=== DATASET SECTION ===
"""

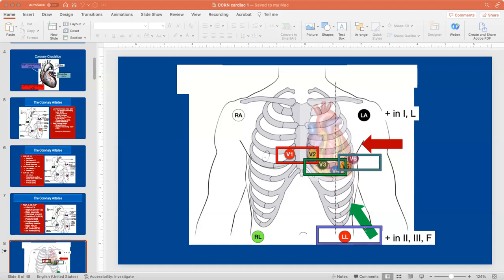For STEMI diagnosis, you need ST segment elevation in at least two leads of a lead group. If I have ST segment elevation in lead II but not lead III or AVF, I'm not going to consider that STEMI — it's got to be two leads. Don't worry about the posterior MI or frontal branch block — that's more advanced than AACN will ask. They just want you to recognize STEMI and identify the area at risk. You've got to memorize your lead groups: lateral — I, L, V5 and V6; inferior — II, III, and AVF; anteroseptal — V1 and V2; pure anterior — V3 and V4.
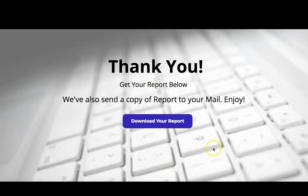And that's how you connect one page to another inside of X funnels. Look forward to seeing you on the next video.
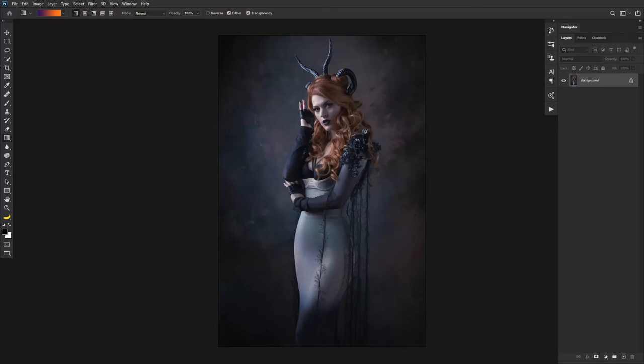Hey everybody, Scott Tetweiler here, back with another Photoshop tutorial. And today we're going to talk about lookup tables, otherwise known as LUTs.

"""

=== EXERCISE BRIEF ===
What is needed is the whole listing again, set down exactly, without its pictures.

=== SOLUTION TO THIS TASK ===
For STEMI diagnosis, you need ST segment elevation in at least two leads of a lead group. If I have ST segment elevation in lead II but not lead III or AVF, I'm not going to consider that STEMI — it's got to be two leads. Don't worry about the posterior MI or frontal branch block — that's more advanced than AACN will ask. They just want you to recognize STEMI and identify the area at risk. You've got to memorize your lead groups: lateral — I, L, V5 and V6; inferior — II, III, and AVF; anteroseptal — V1 and V2; pure anterior — V3 and V4.
And that's how you connect one page to another inside of X funnels. Look forward to seeing you on the next video.
Hey everybody, Scott Tetweiler here, back with another Photoshop tutorial. And today we're going to talk about lookup tables, otherwise known as LUTs.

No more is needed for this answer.